- Born: Elisabeth Walther 10 August 1922 (age 103) Oberweißbach, State of Thuringia, Weimar Republic
- Died: 10 January 2018 (aged 95) Stuttgart, Baden-Württemberg, Germany
- Spouse: Max Bense ​ ​(m. 1988; died 1990)​

Academic background
- Alma mater: Stuttgart Institute of Technology
- Thesis: Die Rolle der Logik von Port Royal in der Frühgeschichte der exakten Wissenschaften (1950)
- Doctoral advisor: Max Bense

Academic work
- Discipline: Semiotics
- Main interests: Port-Royal Logic
- Website: elisabeth-walther-bense.de

= Elisabeth Walther-Bense =

German semiotician

Elisabeth Walther-Bense was a German semiotician. She also worked as a publicist, editor, and translator.

== Biography ==
=== Early life and education ===
Walther-Bense was born on 10 August 1922 in Oberweißbach, Thuringia, Germany. In 1950, She earned her doctorate at the Stuttgart Institute of Technology under Max Bense, where she wrote her dissertation Die Rolle der Logik von Port Royal in der Frühgeschichte der exakten Wissenschaften.

=== Career ===
Walther-Bense taught at the Stuttgart Institute of Technology (from 1967, the University of Stuttgart) from 1956 to 1983. She was the first woman to hold a professorship at the University's Department of Systematic Philosophy. Along with her husband Bense, she also taught at the Ulm School of Design and the Escola Superior de Desenho Industrial at UERJ.

She was a significant co-contributor with Bense to work on art, design, and semiotics as influenced by information and control systems theory emerging at the time, and documented much of his work in Germany and Brazil.
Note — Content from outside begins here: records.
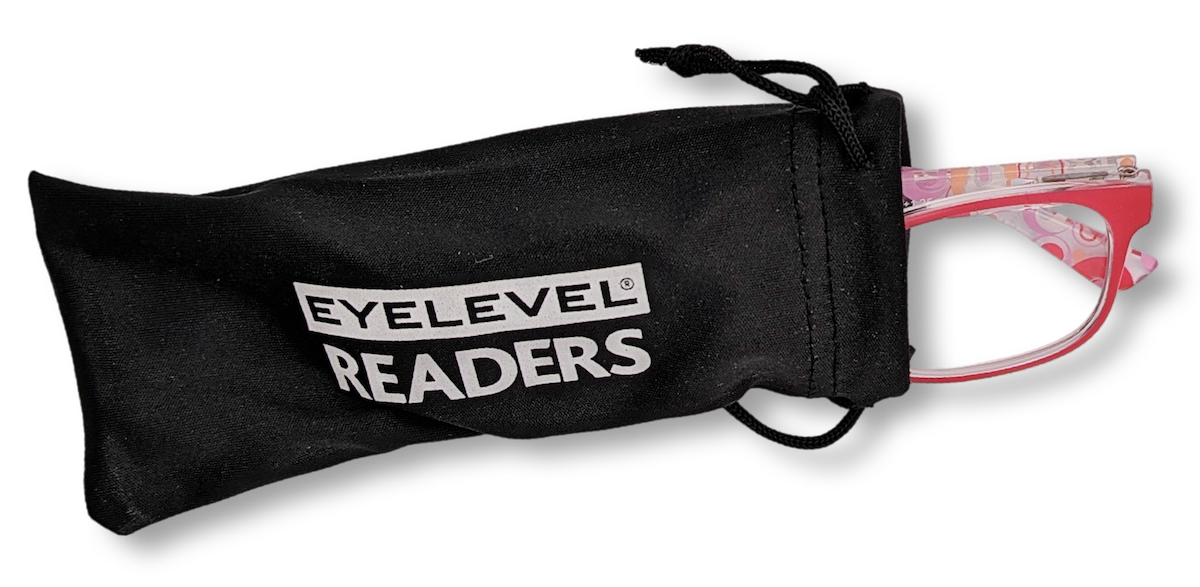 Eyelevel-UK Malibu reading glasses with red and pink patterned frames inside a black branded drawstring pouch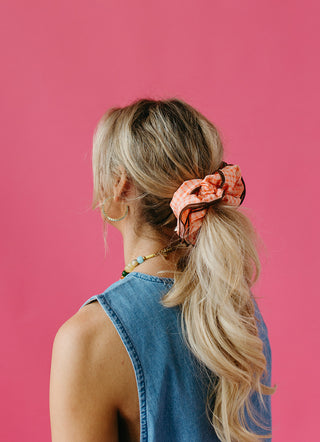 Oversized Scrunchie in Coral Plaid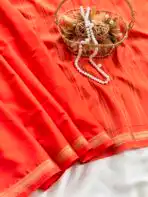 Chinmayi (Mysore crepe silk) - Neon Orange - Image 2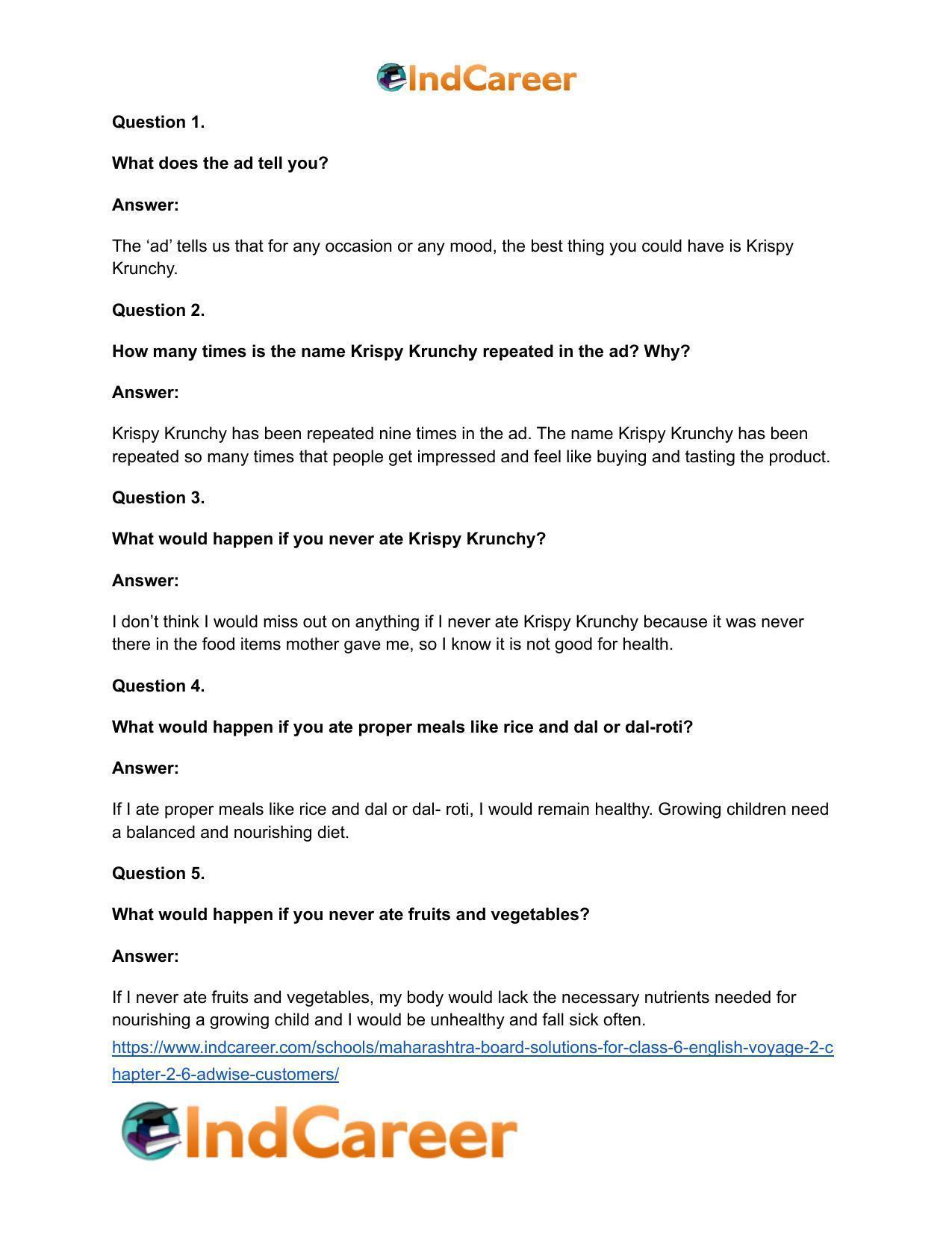 Maharashtra Board Solutions for Class 6- English (Voyage 2): Chapter 2.6- Ad‘wise’ Customers - Page 3
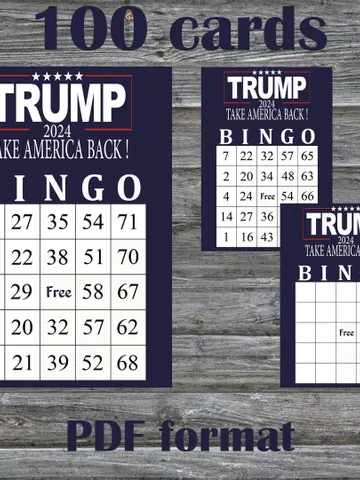 Trump bingo cards,Printable bingo trump,Donald Trump bingo card,Trump Bingo,100 Printable Bingo Cards--3 $7.95
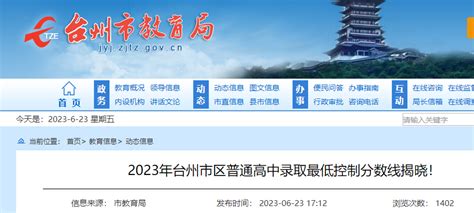 2020台州温岭中考录取分数线已经公布_初三网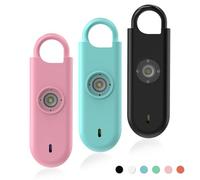 Fauxomor Alarma Personal para Mujeres, Pack de 3 de 140 dB Llavero Autodefensa Personal con Luz Estroboscópica e Aviso de Batería Baja, Regalo para Niños y Personas Mayores(Rosa+Azul+Negro)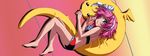  :o absurdres back bare_arms bare_legs bare_shoulders barefoot bikini blush dutch_angle frilled_bikini frills from_above full_body gotou_keiji hairband highres kiddy_grade looking_at_viewer lying on_side open_mouth pink_hair purple_eyes red_bikini short_hair shoulder_blades solo stuffed_animal stuffed_toy swimsuit viola_(kiddy_grade) water wet wet_hair white_hairband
Walther-Bense was the editor of the journal Augenblick (1955-1960), co-editor of Rot (1960-90) and co-editor of Semiosis (1976-1990), which she co-founded with Bense.

=== Personal life ===
Walther married her employer and colleague Bense in 1988.

== Major works ==
With Bense, she co-authored Wörterbuch der Semiotik in 1973. Her 1974 work Allgemeine Zeichenlehre helped to make Charles Sanders Peirce's work accessible in Germany. She later published Charles Sanders Peirce Leben und Werk in 1989.